The standard advice for adding observability to a production system is "instrument early." For AI agents, teams usually do the opposite - they ship first, instrument later, and discover they're missing the data they need right when they need it most.
The reason isn't laziness. It's that naive trace capture is slow, and slow observability creates a real dilemma: capture everything and add latency, or skip it and fly blind.
We've spent a lot of time on this problem. Here's the architecture we landed on.
What you actually need to capture
A useful trace for an AI agent isn't just the final input/output pair. It's the full execution context:
- The initial input and any retrieved context (RAG chunks, tool outputs, memory)
- Every intermediate step in a multi-turn or multi-agent flow
- The final output and any structured fields extracted from it
- Timing data at each step
- A session or request ID that links everything together
- The model version and sampling parameters
This is more data than most logging pipelines are designed to handle, especially at high throughput.
The synchronous trap
The simplest implementation is synchronous: after each LLM call, serialize the trace data and write it to storage before returning. This is easy to reason about and guarantees you capture every call.

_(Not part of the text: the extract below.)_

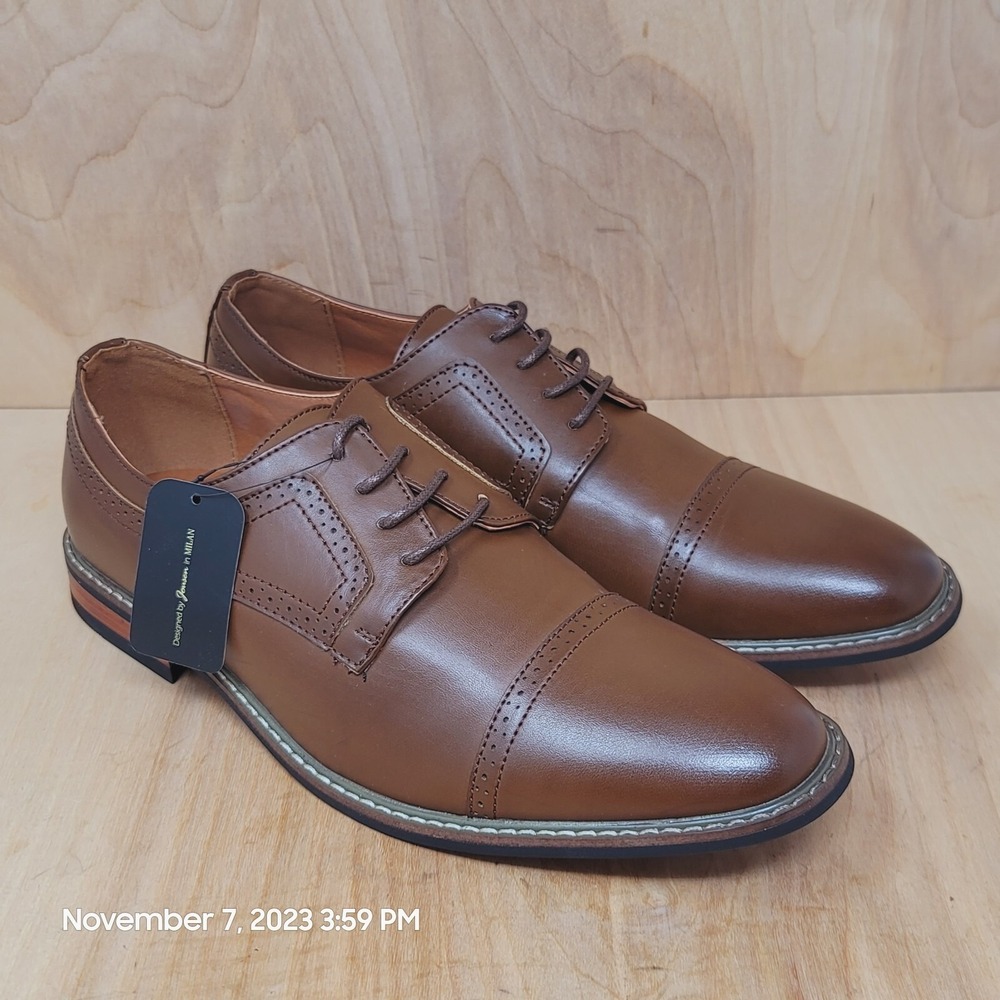 Jousen Men's Oxfords Size 10 Milan Cap Toe Dress Shoes Brown Lace Up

The problem is latency. Serializing a trace with full context can add 10–50ms depending on payload size. For an agent making 3–5 LLM calls per request, that's 30–250ms of pure overhead before you've done any storage I/O. In workflows where p99 latency matters, this is unacceptable.
The async pipeline
The architecture that works is a two-stage async pipeline:
Stage 1: In-process buffer. Each LLM call writes its trace data to an in-memory ring buffer. The write is non-blocking - you append to the buffer and return immediately. The buffer holds the last N entries (we use N=1000 by default, configurable based on memory budget).
Stage 2: Background flush. A background thread drains the buffer to persistent storage on a configurable interval (default 500ms) or when the buffer hits a threshold fill level. The flush is batched to minimize I/O operations.
The overhead of the in-process buffer write is under 1ms in our benchmarks, usually 200–400µs. The background flush is completely decoupled from the request path.
Handling failures
The tradeoff with async is that you can lose data if the process crashes before a flush completes. For most observability use cases this is acceptable - you need statistically representative sampling, not perfect capture. For audit or compliance use cases, you want synchronous capture on a separate thread with a write-ahead log.
We handle this with a capture mode flag:
- **sampled** (default): async buffer, ~0.3ms overhead, up to 500ms data loss window on crash
- **complete**: synchronous write to WAL, ~8ms overhead, zero data loss
- **critical**: synchronous write with confirmation, ~20ms overhead, for high-stakes flows where you need guaranteed capture
Most production deployments run sampled mode for routine calls and complete mode for calls that touch sensitive data or external systems.
Trace correlation across services
For multi-service architectures, the trace needs to follow the request across service boundaries. We use a propagation header (similar to W3C TraceContext) that gets attached to every outbound call and extracted on every inbound call. The trace assembler correlates spans by the shared trace ID.
This is the same pattern used by distributed tracing systems like Jaeger and Zipkin - we just extend it to capture LLM-specific fields (tokens, model, sampling params) that standard tracing doesn't include.
What you get
At 10,000 calls/day with this architecture, you have a complete audit trail of every LLM interaction with less than 5ms average overhead. That trace data is what feeds your eval sets, your failure replay environments, and your fine-tuning pipelines.
Observability isn't expensive if you build it right. It's one of the few investments in your AI stack that pays for itself immediately.